HUBBARD: We typically focus on clusters at the SC'XY shows for both practical/logistics reasons and because we just think its a better fit from an application perspective. If you look across the set of applications in use and demo'd at the SC'XY shows, you'll find a large number of MPI-based applications that really require the speed and low interconnect latency of a cluster to run effectively. A Grid is simply a set of resources — these resources could include clusters. We don't see a Grid market as different from a cluster market. We can effectively manage clusters stand-alone or as part of larger Grid deployments through our Grid MP platform (MPI jobs included).
Gt: Finally, and I'm starting to ask this question a lot because I feel that there is still some confusion out there, can you define, at least from a United Devices perspective, the differences/similarities between clusters and Grids?

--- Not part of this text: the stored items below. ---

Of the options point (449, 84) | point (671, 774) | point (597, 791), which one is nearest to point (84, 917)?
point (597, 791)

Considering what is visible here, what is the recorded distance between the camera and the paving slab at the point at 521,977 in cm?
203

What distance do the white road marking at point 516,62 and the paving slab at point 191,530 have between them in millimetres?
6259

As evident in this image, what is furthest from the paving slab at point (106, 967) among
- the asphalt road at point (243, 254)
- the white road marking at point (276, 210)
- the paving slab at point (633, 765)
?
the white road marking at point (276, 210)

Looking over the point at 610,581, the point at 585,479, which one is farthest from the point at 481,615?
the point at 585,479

HUBBARD: Grids are the superset in our vernacular. A Grid can be made up of any available device that may be useful to the application type(s) the enterprise is trying to accelerate, raise the reliability on, etc. That said, we love starting somewhere on a cluster because we can clearly articulate how this single, little cluster could grow up to be the enterprise's Grid — we call this a “Grid-ready cluster.” Many of our current implementations started out as a cluster and built a Grid of clusters and other resources.
Clusters are, in general, simpler animals. They are typically self contained, built from homogeneous hardware, have dedicated, private-switched networks and storage, are managed carefully by dedicated staff and are often a better path from a price/performance perspective for a number of applications.

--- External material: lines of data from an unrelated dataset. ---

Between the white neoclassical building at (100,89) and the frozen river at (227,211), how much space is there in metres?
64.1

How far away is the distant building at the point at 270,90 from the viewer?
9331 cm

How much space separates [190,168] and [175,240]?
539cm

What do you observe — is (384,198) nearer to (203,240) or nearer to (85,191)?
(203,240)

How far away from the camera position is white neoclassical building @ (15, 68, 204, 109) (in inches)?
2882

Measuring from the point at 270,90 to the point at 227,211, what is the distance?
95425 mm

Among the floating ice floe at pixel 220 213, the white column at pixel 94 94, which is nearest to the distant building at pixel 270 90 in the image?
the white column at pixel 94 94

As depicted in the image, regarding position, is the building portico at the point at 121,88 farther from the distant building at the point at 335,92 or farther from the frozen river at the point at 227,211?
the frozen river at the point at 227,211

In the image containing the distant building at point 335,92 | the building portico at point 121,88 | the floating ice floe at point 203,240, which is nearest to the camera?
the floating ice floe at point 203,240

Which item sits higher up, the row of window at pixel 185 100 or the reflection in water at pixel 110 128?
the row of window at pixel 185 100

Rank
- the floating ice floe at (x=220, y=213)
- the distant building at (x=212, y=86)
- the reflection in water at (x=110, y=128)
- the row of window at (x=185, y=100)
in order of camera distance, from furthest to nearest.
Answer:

Grids, on the other hand, often include a cluster, or multiple clusters. Sometimes running the same underlying scheduler/DRM, but sometimes not. They can also contain servers that are part of “'hot” recovery sites, underutilized machines from, for example, a company's Web farm that do very little at night but which can add significant power to a Grid with high overnight processing demands. Workstations and PCs are also often a part of enterprise Grids and this adds complexity around security requirements, data management and caching, etc., that we've tuned for in our Grid MP platform. Finally, Grids become a much larger, integrated part of the business's core value creation and as such absolutely require a higher level of manageability than a single cluster. This area is one where we have been increasingly focused over the last couple years driven by our customers.
The Grid is fundamentally about removing the current hard, static binding between an application and its execution environment. In the new world, this binding will be soft and very dynamic. The benefits of doing this are very significant for our customers.
Gt: Is there anything else you'd like to add about United Devices, SC'05 or the Grid market in general?
HUBBARD: From both introspection and looking at our competitors, we fully believe that Grids are moving into mainstream adoption. All indications from our current customers and prospects point in this direction.